CAUTION: My humorous analogies include spoilers for the Lost season finale.
After yet another rain delay (can someone investigate this new phenomenon of “global wetting”, please?), our stalwart squad returned to hay-strewn Momma Johnson Park for the second game of our protracted spring season.
It was ironic that Lost aired its fifth season finale on the same night; just as on mysterious Dharma Island, our night was filled with tension, reversals of fortune, and a stunning conclusion.
We rolled in thirteen deep last night, including Stacy, who is still on the DL from her dodgeball injury. We started strong against our opponents, who were familiar foes from last season. Their name was something like “Karen Dropped Her Pants”. Penalty: team names can not be full sentences. In any event, we were leading The Sentences 2 – 0 after the first. Our lead wouldn’t hold for long. Our defense fell apart in the second, due to slippery ground and even more slippery hands (Note: Batting gloves are not the answer). Going into the third, we were trailing 4 – 2. Competition, like Sawyer’s abs, remained tight and frustrating.

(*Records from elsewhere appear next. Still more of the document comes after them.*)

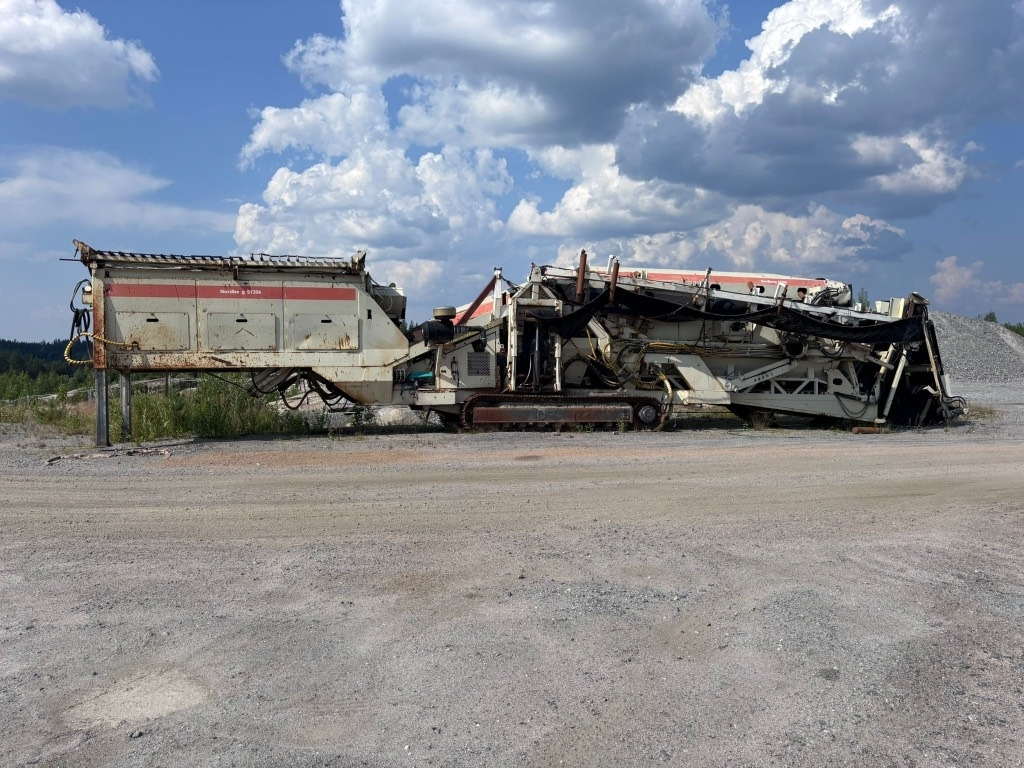 Metso Nordberg ST 356 - Seula: kuva Metso Nordberg ST 356 - Seula Metso Nordberg ST 356 - Seula: kuva Metso Nordberg ST 356 - Seula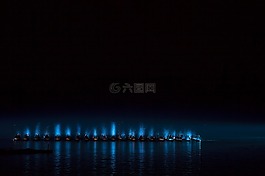 性能,舞蹈,水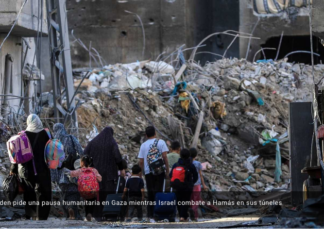 Conflicto Israel-Gaza deja ya 10,569 personas muertas, incluyendo 4.324 niños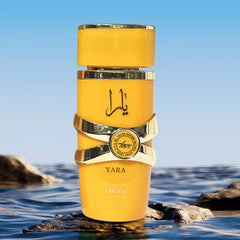 Lattafa Yara Women's Eau De Toilette Spray Perfume Orange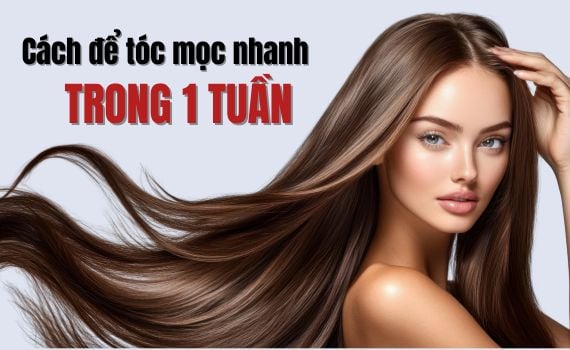 Hình ảnh minh họa về cách để tóc mọc nhanh trong 1 tuần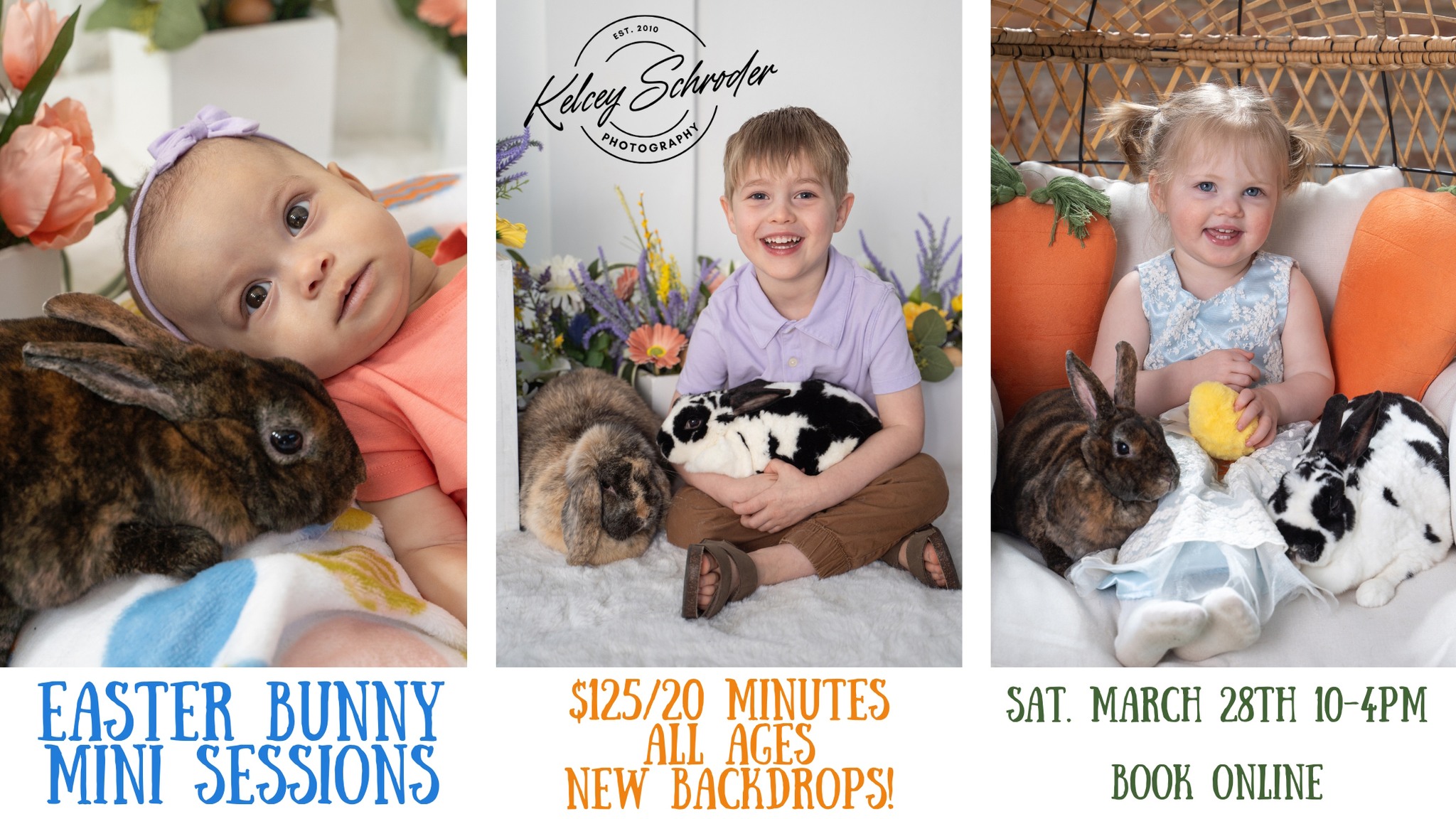 Easter Bunnies Mini Sessions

There were multiple near-collisions, and a few actual ones. Nate and Scott shared duties on the mound, both making the best of our overgrown playing surface. Pete’s cat-like reflexes are all that saved him from necessary rhinoplasty after a rocket of a line drive came at him (a girl on the opposing team, in the same situation, was not as lucky). Volpe came within inches of having an officially sanctioned, over-the-fences home run, but the conflicting foul cones denied him that distinction, and us a crucial run. Heading into the bottom of the seventh and final inning, we trailed The Sentences 8 – 5. Like the Losties, it was time for us to determine whether we could make our own destiny.
There may as well have been a temperamental nuke in a well somewhere, because we exploded! Led by Jenny’s awesome double, our team steadily put runners on the bases and quickly began closing the gap. We raised the stakes as high as they could go: two outs, bases loaded, tie score. With no extra innings available to us, it was now or never. Kish, who arrived late, half-heartedly climbed the fences just once, and fell on his rear in left field, stepped to the plate. Would the ghost of Momma Johnson grant him his redemption?
Find out in 2010.
Just kidding! On his first pitch, Kish booted a textbook pop fly to shallow center…which was bobbled and dropped. The runners advanced and the winning run came home. It was one of the most exciting games we’ve ever played. Appropriately, we celebrated at the famous Lounge 11, playing flip cup and being our typical rowdy selves, while a sit-down bachelorette party dinner was served adjacent to the beer pong tables.
Talk about a paradox.
Game 2 Brief
Record: 2 – 0
MVP of the Week (tie): Kish, for his aforementioned game-winner, and Yours Truly, for continued defensive perfection in right field. Neither of us could run away with the award, because Kish had an unusually weak game in left, and I got caught in an avoidable double play. That, and I forgot my camera again. (For the record, Pete nominated me for this honor)
Weekly “Not En Fuego” Award: Jeff – For missing his second game, without notice. Way to be, rook. Way to be.
Quote of the Game: Me – “I asked that guy if he was pitching again and he wouldn’t answer me.” Pete – “Maybe he’s deaf.”